Self-Employed Retirement Plans
There are several types of retirement plans that can be established by a self-employed individual. They include, but are not limited to, SEP IRAs, SIMPLE 401(k)’s, or self-employed 401(k)’s.
Simplified Employee Pension Plan (SEP)
A retirement plan that can be establish by an employer or self-employed individuals. An employer makes contributions to each eligible employee’s SEP IRA and are allowed a tax deduction for contributions made to the plan.
Single-Life Annuity
An annuity that only provides payments to one person. Payments cease when the annuitant dies, and there are no rights of payment to any survivor.
Tax-Deferred
Investment earnings that accumulate tax-free until they are withdrawn. This includes earnings from interest, dividends, and capital gains.
Tax-Exempt Bonds
The interest from bonds issued by states, cities, or other government agencies may exempt from federal income taxes under certain circumstances. The interest from these bonds may also be exempt from state and local income taxes in many states as well. Some interest may be subject to federal alternative minimum tax. Capital gains taxes may be incurred if a tax-exempt bond is sold at profit.
Taxable Income
The amount of income that is used to calculate income tax due. It is determined by subtracting any deductions, exemptions, or other adjustments from gross income.

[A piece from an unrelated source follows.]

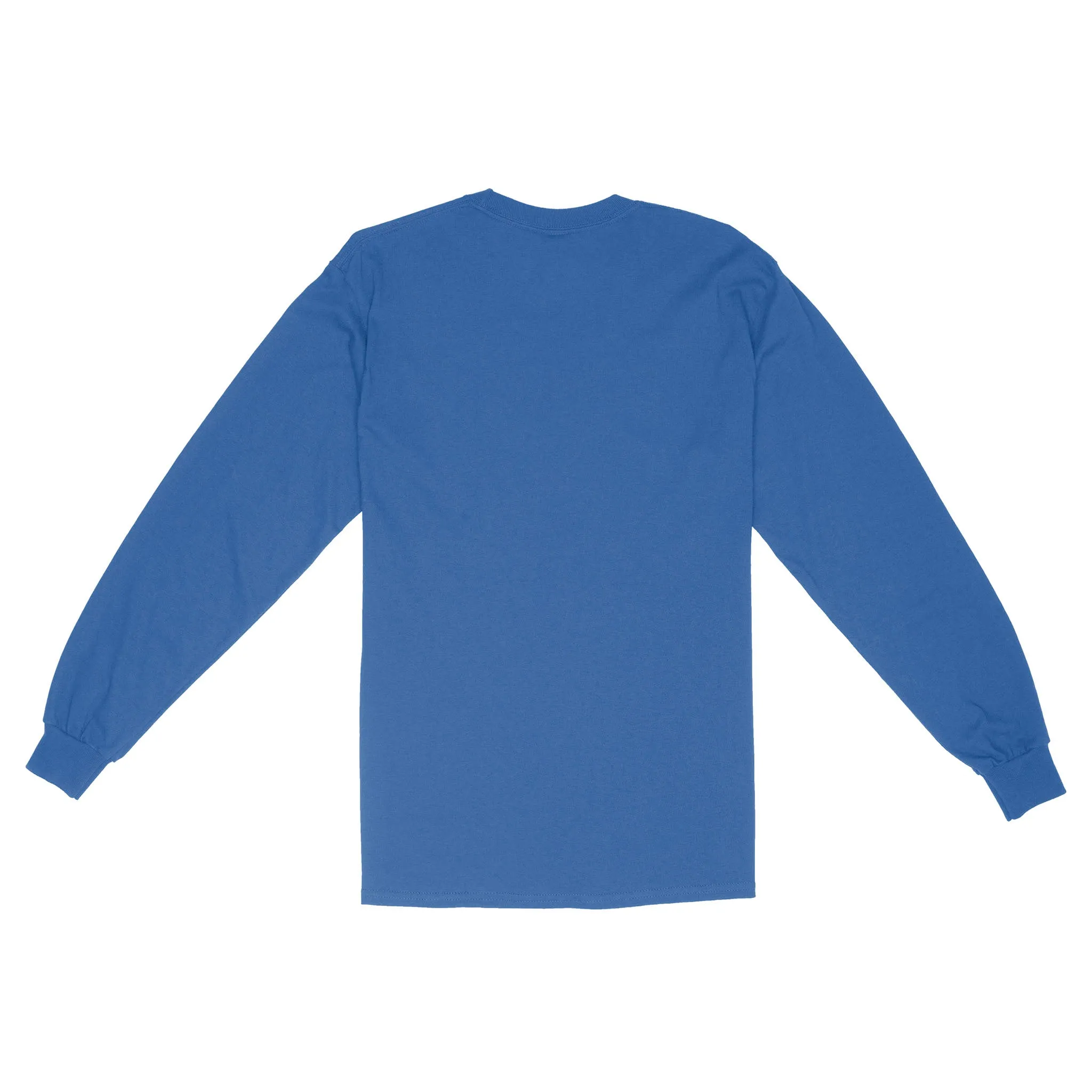 Standard Long Sleeve - See Tickets black logo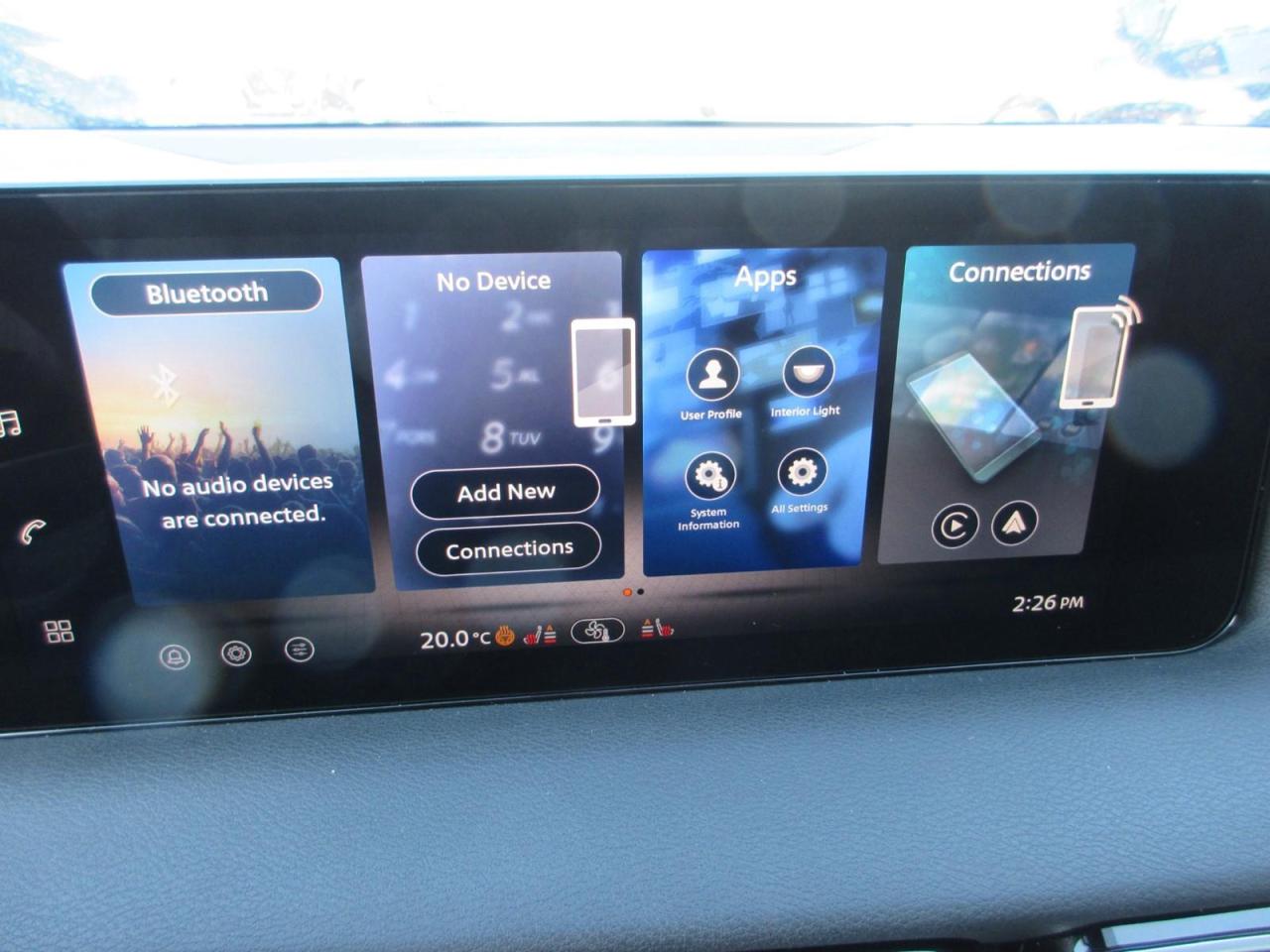 2026 Nissan Sentra SV Photo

Traditional Individual Retirement Account (IRA)
A plan that individuals may establish to save for retirement. If a taxpayer meets certain requirements, contributions are deductible from earned income in the calculation of federal and state income taxes. Earnings accumulate tax-deferred, and withdrawals are taxed as ordinary income. If a taxpayer’s income exceeds a specified amount, only nondeductible contributions may be made.
Zero-Coupon Bond
A bond that does not pay a periodic interest payment, but trades a deep discount. Profits are earned at maturity when the bond is redeemed for its full face value. Even though the investor does not receive any income payments, interest income is subject to ordinary income tax each year.